EXERCISE BRIEF. Reproduce the listing that follows in full. Omit its images.

_____

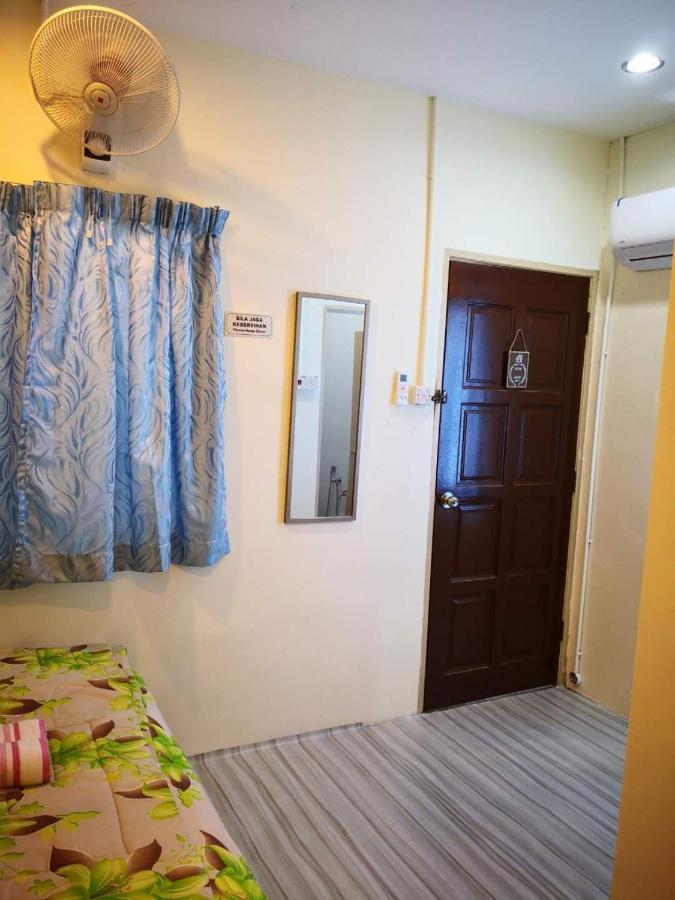 Pauh Inn Arau Buitenkant foto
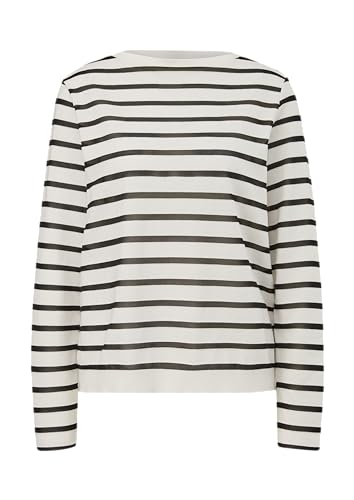 comma long-sleeved shirt on sale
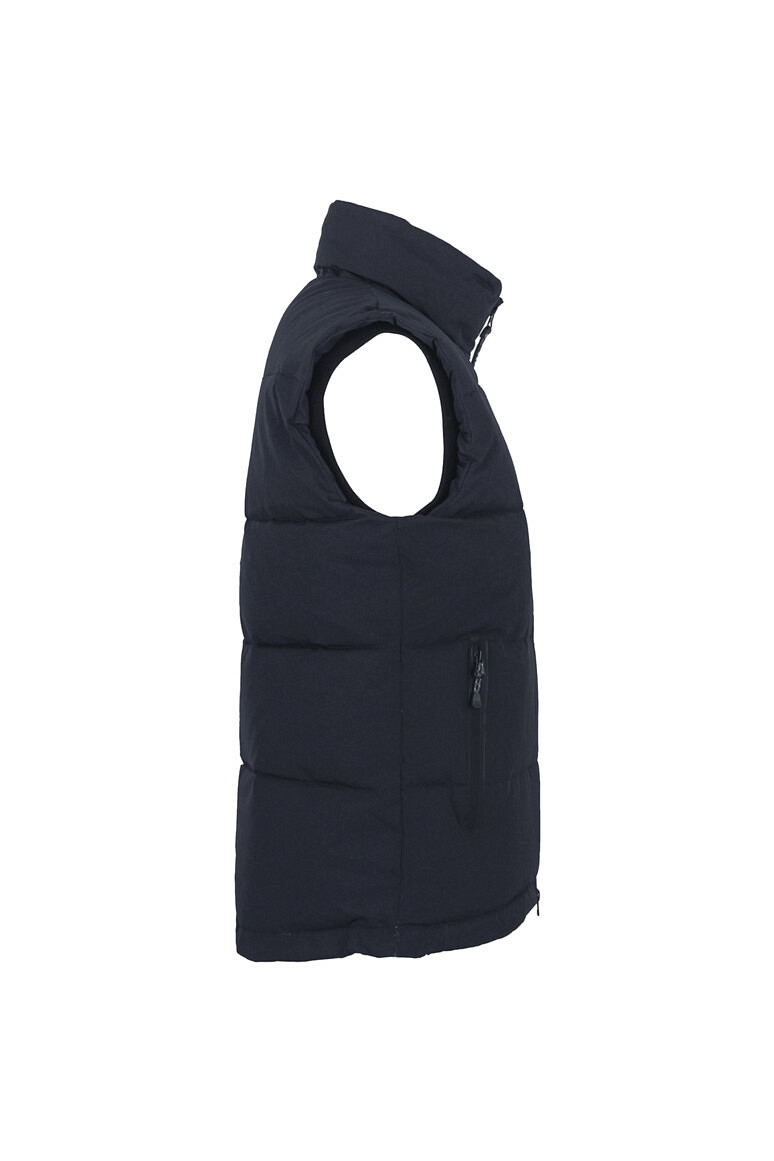 HAKRO 842 Bodywarmer in tinte, Größe 6XL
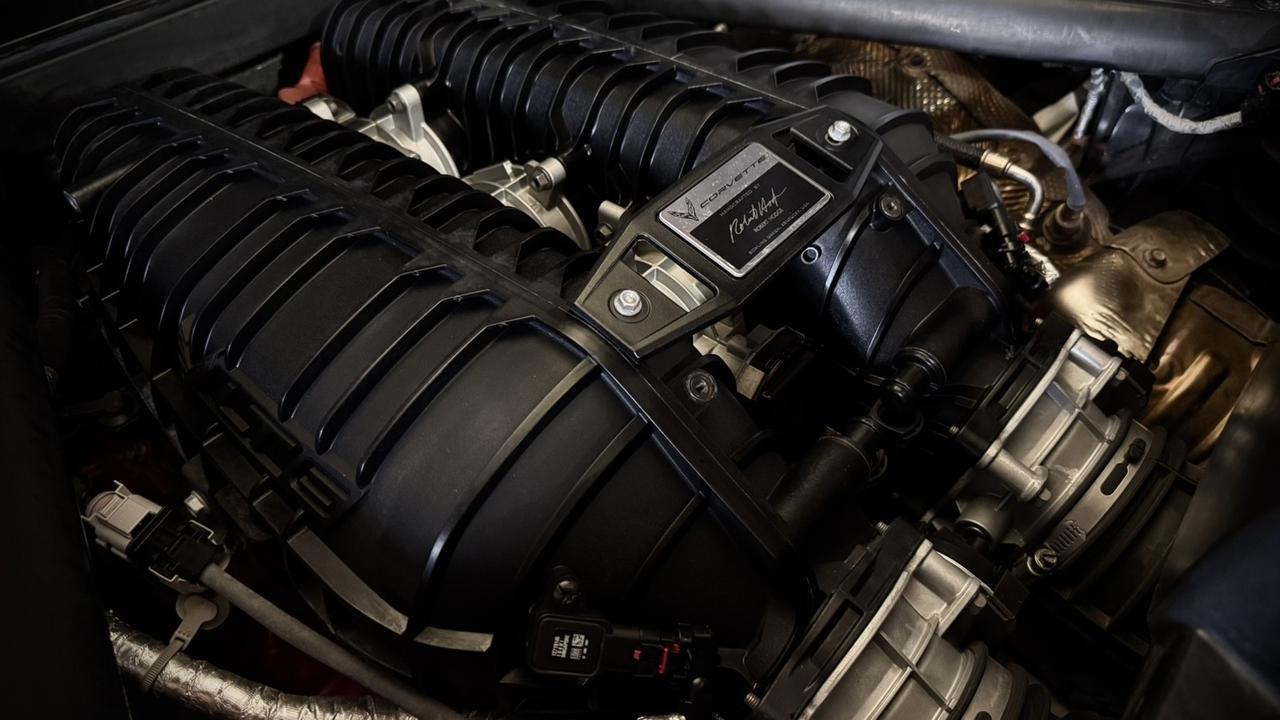 2023 Chevrolet Corvette 3LZ Anaheim Hills CA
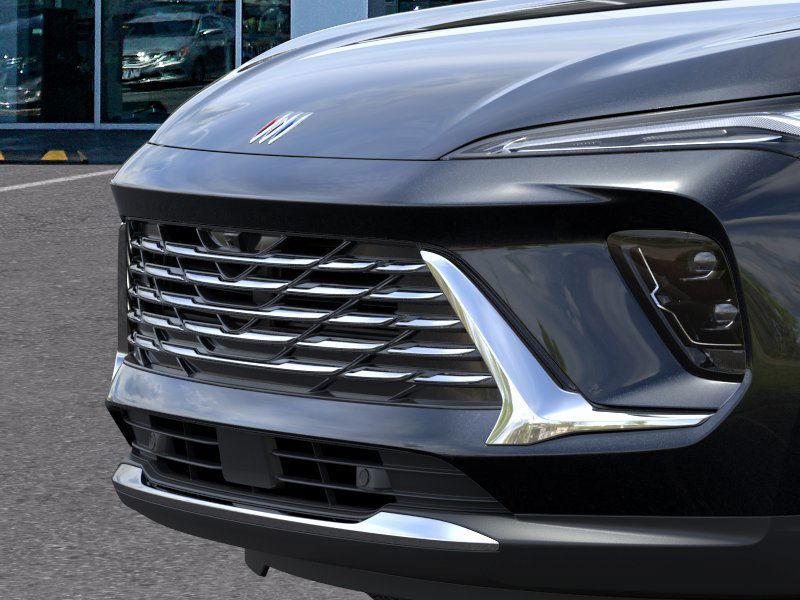 new 2026 Buick Envision car, priced at $44,297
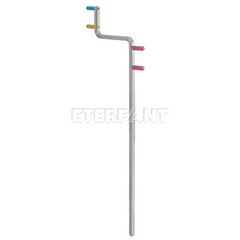 10xUniversal Aiming Arm Color Coded Rinn XCP-ORA Style X-Ray Positioning System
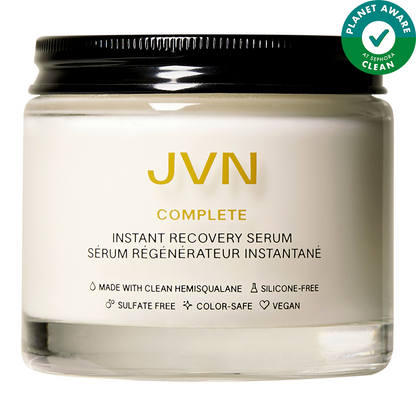 Complete Instant Recovery Heat Protectant Leave-In Serum - 100ml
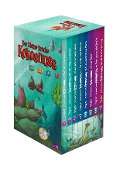 Der kleine Drache Kokosnuss - Jubiläums-Schuber - Ingo Siegner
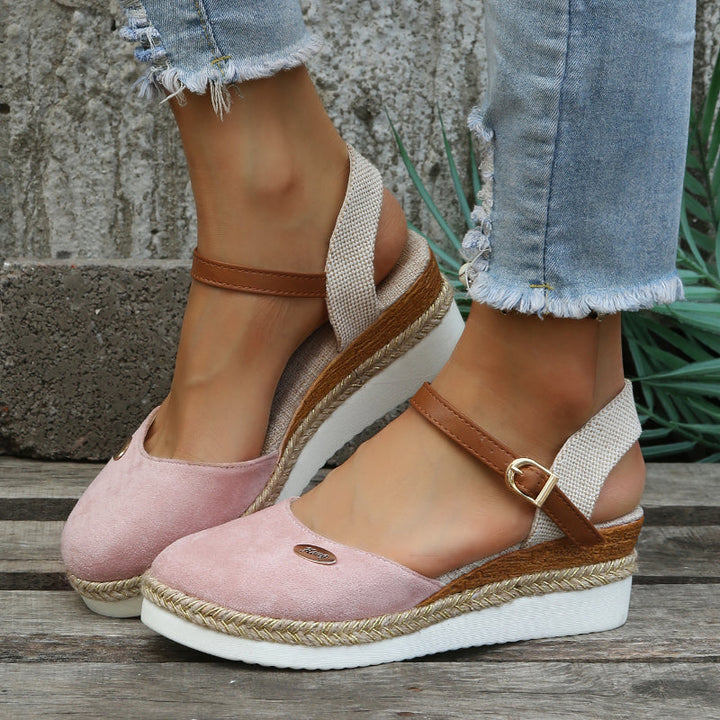 Bethany | Women's Orthopedic Espadrilles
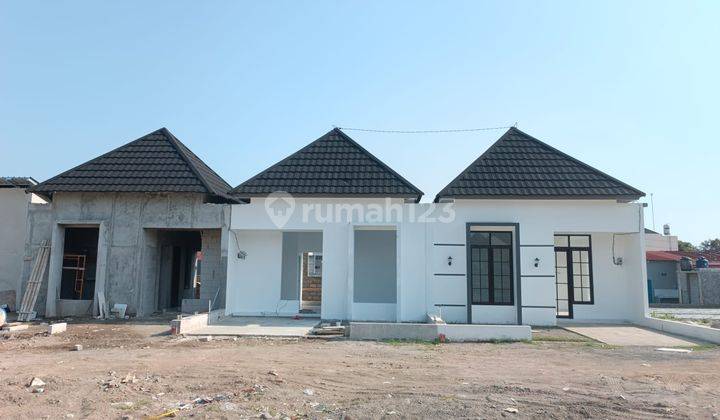 Rumah Impian Kaum Milenial, Murah Dekat Kawasan Candi Prambanan 1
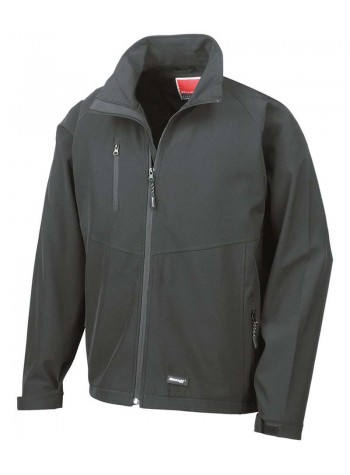 Result Baselayer softshell jacket 2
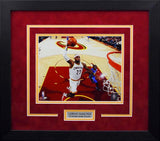 LeBron James Cleveland Cavaliers 8x10 Framed Photograph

_____

WORKED SOLUTION.
 Pauh Inn Arau Buitenkant foto
 comma long-sleeved shirt on sale
 HAKRO 842 Bodywarmer in tinte, Größe 6XL
 2023 Chevrolet Corvette 3LZ Anaheim Hills CA
 new 2026 Buick Envision car, priced at $44,297
 10xUniversal Aiming Arm Color Coded Rinn XCP-ORA Style X-Ray Positioning System
 Complete Instant Recovery Heat Protectant Leave-In Serum - 100ml
 Der kleine Drache Kokosnuss - Jubiläums-Schuber - Ingo Siegner
 Bethany | Women's Orthopedic Espadrilles
 Rumah Impian Kaum Milenial, Murah Dekat Kawasan Candi Prambanan 1
 Result Baselayer softshell jacket 2
 LeBron James Cleveland Cavaliers 8x10 Framed Photograph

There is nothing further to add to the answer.